## DESCRIPTION OF THE TASK
Everything in the data except the pictures belongs in your answer, copied exactly.

━━━━━ SUPPLIED DATA

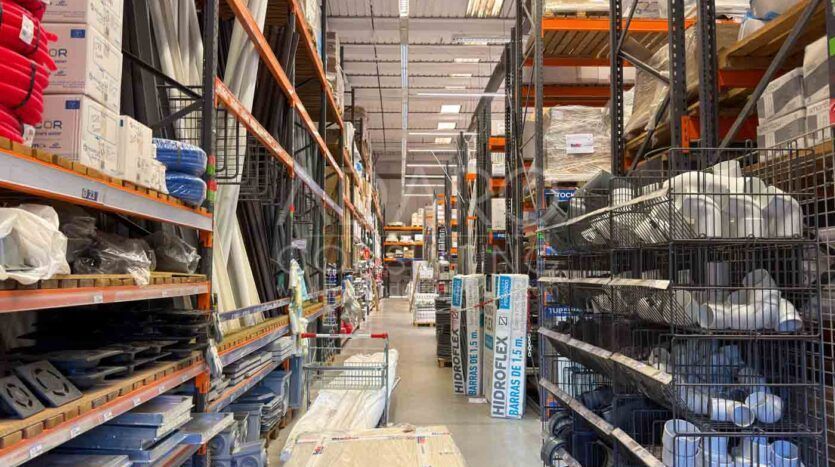 Alquiler de Nave Industrial en Getafe 7081 m²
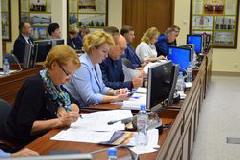 Состоялось очередное совместное заседание думских комиссий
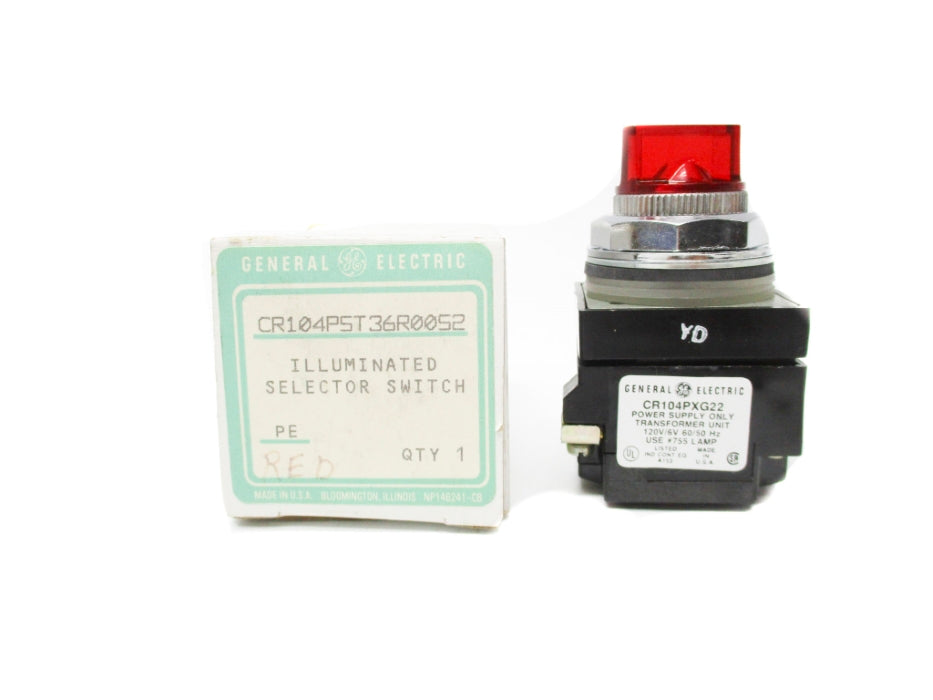 GENERAL ELECTRIC CR104PST36R00S2 NSMP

━━━━━━━━━━

## ANSWER TO THIS EXERCISE
 Alquiler de Nave Industrial en Getafe 7081 m²
 Состоялось очередное совместное заседание думских комиссий
 GENERAL ELECTRIC CR104PST36R00S2 NSMP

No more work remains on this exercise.